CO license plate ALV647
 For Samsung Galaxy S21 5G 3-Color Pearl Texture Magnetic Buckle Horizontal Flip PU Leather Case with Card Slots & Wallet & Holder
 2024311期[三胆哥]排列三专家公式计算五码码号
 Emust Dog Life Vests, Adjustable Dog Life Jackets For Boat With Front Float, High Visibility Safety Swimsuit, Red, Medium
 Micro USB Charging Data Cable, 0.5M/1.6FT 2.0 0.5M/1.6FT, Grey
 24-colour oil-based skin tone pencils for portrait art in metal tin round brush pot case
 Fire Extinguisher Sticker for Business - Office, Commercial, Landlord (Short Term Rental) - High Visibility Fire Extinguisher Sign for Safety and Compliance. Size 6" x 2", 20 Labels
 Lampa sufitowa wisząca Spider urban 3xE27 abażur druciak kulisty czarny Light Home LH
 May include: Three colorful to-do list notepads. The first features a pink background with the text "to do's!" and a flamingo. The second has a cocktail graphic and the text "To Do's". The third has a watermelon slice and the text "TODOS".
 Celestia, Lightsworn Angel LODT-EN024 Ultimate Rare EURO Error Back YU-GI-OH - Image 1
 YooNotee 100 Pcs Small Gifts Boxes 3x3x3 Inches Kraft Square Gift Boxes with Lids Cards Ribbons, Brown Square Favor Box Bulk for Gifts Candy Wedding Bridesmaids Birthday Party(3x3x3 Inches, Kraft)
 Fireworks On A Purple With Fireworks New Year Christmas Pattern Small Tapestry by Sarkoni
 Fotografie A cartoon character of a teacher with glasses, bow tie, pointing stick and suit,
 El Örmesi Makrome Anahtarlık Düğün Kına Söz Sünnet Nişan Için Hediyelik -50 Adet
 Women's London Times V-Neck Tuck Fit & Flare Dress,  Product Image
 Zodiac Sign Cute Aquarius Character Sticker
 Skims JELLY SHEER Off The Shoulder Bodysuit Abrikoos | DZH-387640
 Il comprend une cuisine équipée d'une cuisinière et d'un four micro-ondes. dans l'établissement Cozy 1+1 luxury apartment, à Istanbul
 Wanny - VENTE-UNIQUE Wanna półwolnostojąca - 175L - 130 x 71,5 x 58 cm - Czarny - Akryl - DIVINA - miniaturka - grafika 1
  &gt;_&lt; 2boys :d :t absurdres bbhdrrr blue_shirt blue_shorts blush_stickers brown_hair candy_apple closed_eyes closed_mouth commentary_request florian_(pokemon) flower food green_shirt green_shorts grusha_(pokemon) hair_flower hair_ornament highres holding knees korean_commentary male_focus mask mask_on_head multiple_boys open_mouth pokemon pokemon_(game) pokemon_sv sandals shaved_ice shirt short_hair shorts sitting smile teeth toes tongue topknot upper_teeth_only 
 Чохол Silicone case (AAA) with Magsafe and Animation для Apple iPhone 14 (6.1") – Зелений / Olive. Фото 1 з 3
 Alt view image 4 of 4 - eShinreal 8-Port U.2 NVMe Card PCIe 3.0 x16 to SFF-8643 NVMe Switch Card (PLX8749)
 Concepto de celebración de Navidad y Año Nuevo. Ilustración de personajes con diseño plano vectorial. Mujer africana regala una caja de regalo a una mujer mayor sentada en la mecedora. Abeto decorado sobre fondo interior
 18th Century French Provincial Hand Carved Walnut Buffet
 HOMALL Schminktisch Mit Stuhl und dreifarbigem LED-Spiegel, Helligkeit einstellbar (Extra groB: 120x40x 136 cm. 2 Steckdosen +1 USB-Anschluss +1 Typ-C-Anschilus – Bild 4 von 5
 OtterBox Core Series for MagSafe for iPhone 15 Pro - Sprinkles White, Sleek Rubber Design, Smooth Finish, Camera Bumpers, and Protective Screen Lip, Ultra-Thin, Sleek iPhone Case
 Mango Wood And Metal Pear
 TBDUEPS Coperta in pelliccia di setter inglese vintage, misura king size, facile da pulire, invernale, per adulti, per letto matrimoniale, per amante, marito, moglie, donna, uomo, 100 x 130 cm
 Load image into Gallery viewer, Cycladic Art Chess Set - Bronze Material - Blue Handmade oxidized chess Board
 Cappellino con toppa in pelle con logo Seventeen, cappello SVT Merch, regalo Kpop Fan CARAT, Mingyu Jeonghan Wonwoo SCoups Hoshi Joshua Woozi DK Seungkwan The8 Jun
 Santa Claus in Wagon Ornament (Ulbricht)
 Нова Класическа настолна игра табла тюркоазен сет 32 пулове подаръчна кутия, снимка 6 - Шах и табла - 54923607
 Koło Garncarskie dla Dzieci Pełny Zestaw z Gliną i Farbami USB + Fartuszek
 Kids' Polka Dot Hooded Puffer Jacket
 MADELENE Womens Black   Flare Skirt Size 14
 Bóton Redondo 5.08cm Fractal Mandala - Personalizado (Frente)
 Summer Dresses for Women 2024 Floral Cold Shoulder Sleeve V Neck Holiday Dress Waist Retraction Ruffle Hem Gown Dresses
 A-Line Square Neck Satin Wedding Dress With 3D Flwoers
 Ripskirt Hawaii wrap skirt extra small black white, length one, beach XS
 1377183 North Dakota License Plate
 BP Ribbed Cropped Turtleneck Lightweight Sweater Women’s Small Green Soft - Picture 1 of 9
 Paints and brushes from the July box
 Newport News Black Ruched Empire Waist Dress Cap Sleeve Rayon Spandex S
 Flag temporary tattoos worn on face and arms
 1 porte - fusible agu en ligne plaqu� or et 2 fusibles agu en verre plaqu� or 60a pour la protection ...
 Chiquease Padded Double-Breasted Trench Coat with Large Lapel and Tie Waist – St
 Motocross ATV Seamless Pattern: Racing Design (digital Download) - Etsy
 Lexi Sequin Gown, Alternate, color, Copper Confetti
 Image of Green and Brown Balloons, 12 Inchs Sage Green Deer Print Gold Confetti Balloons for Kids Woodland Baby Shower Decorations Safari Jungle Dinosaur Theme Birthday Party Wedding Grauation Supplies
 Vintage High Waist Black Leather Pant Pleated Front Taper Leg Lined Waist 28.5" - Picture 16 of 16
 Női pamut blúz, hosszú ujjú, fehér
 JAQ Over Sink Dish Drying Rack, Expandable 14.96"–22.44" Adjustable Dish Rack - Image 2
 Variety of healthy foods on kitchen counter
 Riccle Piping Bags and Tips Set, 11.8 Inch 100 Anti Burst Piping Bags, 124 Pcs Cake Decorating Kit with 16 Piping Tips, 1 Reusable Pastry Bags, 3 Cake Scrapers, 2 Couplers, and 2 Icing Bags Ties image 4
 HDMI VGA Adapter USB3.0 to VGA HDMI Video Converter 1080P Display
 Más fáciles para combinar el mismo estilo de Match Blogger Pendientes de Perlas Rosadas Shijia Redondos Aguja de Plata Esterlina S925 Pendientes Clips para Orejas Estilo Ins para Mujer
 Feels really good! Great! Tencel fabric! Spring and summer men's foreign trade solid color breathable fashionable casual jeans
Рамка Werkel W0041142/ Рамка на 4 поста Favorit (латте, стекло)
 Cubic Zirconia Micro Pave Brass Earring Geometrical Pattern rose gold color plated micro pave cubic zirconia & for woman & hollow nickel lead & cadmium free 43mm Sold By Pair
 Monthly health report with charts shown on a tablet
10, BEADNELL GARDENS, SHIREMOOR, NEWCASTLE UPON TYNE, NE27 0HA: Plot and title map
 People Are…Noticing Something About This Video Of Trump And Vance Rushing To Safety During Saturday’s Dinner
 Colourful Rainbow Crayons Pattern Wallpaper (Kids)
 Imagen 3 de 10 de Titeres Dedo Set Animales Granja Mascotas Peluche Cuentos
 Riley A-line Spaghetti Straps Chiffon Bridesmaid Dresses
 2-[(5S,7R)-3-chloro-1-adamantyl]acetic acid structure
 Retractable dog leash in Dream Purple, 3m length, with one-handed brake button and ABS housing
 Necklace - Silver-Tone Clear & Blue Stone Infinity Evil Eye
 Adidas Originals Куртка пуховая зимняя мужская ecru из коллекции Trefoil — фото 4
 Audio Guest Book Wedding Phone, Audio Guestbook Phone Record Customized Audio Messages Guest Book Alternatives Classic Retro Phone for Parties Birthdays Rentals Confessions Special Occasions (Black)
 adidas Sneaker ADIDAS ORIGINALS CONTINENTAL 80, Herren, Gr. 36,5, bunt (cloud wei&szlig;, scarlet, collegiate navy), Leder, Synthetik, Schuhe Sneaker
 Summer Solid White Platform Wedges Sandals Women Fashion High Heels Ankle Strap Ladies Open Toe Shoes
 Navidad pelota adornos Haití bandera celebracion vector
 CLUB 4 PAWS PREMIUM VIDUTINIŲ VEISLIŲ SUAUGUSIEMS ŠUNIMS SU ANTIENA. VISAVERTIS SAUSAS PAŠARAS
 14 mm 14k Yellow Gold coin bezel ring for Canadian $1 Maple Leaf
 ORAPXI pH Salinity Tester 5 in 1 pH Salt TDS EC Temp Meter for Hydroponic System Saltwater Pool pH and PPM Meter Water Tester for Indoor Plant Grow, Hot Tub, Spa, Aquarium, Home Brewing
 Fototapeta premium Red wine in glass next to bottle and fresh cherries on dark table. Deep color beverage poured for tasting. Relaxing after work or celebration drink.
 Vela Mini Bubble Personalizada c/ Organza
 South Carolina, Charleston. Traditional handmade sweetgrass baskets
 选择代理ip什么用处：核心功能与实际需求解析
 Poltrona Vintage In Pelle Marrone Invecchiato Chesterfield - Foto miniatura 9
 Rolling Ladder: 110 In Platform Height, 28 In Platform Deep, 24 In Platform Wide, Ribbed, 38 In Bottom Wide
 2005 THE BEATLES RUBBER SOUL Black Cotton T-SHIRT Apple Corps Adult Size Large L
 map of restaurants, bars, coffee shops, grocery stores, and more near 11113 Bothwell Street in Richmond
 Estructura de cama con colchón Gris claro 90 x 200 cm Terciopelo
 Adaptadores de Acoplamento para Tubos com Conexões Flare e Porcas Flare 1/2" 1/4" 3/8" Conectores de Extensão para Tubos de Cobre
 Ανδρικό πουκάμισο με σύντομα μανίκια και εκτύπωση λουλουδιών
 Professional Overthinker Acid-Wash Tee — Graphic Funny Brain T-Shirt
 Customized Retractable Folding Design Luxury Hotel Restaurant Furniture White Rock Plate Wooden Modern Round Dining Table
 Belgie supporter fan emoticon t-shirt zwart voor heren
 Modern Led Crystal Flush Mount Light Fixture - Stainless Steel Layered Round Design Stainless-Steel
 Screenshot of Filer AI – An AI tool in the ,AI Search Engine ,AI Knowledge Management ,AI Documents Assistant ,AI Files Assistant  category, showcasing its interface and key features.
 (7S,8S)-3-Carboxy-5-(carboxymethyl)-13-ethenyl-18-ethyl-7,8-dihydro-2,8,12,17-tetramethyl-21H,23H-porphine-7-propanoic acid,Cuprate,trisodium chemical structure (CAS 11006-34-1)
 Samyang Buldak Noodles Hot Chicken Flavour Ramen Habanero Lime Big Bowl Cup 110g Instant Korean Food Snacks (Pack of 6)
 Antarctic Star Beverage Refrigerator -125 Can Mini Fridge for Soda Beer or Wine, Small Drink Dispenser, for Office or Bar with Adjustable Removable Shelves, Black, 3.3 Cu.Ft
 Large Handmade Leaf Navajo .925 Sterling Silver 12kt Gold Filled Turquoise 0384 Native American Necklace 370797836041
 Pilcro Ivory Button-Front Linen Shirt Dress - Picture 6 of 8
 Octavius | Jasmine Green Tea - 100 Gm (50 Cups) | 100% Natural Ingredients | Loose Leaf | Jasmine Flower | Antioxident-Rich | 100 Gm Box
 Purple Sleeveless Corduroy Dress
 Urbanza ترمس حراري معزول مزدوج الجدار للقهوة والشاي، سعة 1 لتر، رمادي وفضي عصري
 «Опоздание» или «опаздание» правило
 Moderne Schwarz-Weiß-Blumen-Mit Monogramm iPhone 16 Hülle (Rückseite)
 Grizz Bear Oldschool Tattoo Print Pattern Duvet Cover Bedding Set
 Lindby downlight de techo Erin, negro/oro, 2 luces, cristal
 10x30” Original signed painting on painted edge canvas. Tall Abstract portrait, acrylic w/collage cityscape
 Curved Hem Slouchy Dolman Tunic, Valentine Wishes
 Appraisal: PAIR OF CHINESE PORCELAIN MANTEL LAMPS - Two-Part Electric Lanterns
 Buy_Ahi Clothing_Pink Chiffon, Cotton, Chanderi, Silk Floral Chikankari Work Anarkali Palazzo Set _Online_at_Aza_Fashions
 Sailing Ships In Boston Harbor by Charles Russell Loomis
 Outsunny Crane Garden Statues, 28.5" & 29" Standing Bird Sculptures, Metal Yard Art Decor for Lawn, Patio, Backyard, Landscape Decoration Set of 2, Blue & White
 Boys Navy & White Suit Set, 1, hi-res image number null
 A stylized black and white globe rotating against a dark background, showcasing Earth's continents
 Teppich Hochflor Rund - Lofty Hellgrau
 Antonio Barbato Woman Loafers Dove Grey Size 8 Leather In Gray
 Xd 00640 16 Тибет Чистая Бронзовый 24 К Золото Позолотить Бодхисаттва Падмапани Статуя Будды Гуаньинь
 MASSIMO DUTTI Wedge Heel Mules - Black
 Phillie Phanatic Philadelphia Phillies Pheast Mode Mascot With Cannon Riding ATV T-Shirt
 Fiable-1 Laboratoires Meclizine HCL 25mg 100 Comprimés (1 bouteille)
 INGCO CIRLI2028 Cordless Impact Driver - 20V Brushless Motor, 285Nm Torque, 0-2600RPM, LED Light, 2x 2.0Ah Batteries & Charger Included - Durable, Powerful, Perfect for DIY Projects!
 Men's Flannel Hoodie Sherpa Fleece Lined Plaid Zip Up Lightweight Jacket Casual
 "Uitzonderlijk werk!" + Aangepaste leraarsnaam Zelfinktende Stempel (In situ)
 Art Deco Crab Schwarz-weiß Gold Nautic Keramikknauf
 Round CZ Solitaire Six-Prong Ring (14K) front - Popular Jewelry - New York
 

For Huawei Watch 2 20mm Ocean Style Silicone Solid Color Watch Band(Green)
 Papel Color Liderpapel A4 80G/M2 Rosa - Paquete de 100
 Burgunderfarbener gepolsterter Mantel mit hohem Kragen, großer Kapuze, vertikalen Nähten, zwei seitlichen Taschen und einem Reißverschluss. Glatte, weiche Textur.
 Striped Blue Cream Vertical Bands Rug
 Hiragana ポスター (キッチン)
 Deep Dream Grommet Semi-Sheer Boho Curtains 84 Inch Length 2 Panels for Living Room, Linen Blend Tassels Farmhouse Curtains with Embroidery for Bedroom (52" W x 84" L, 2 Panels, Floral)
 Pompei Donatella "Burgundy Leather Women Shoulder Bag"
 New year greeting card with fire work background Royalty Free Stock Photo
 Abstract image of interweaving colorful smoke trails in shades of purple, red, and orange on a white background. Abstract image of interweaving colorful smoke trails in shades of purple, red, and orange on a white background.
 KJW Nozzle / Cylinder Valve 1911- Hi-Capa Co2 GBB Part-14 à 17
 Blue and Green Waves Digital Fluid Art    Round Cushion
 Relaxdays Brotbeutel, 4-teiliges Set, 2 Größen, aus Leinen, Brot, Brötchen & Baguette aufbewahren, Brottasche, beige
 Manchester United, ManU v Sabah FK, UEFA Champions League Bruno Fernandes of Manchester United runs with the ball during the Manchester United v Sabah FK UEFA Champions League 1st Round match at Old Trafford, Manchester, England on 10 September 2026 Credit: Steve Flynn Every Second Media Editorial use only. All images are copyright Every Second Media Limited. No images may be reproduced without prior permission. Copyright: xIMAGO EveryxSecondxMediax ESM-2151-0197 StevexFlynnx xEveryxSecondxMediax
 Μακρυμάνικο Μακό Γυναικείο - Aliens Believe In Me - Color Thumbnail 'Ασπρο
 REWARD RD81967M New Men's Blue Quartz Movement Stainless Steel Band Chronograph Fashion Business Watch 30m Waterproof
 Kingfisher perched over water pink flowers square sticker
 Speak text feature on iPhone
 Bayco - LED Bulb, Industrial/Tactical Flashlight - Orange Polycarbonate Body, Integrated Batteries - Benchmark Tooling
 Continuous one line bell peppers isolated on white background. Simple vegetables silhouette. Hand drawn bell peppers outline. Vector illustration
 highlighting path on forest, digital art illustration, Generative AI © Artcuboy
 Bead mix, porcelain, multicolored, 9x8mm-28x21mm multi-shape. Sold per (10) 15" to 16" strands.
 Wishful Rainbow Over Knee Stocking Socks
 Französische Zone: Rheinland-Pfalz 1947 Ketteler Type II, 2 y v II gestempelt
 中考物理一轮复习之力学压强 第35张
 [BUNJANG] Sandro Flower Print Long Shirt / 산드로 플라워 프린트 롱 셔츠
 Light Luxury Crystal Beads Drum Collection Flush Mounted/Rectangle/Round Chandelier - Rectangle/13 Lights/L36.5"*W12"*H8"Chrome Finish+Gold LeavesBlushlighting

★ ★ ★ ★

Copy each line from the data that features the string "Wedding".

 YooNotee 100 Pcs Small Gifts Boxes 3x3x3 Inches Kraft Square Gift Boxes with Lids Cards Ribbons, Brown Square Favor Box Bulk for Gifts Candy Wedding Bridesmaids Birthday Party(3x3x3 Inches, Kraft)
 A-Line Square Neck Satin Wedding Dress With 3D Flwoers
 Image of Green and Brown Balloons, 12 Inchs Sage Green Deer Print Gold Confetti Balloons for Kids Woodland Baby Shower Decorations Safari Jungle Dinosaur Theme Birthday Party Wedding Grauation Supplies
 Audio Guest Book Wedding Phone, Audio Guestbook Phone Record Customized Audio Messages Guest Book Alternatives Classic Retro Phone for Parties Birthdays Rentals Confessions Special Occasions (Black)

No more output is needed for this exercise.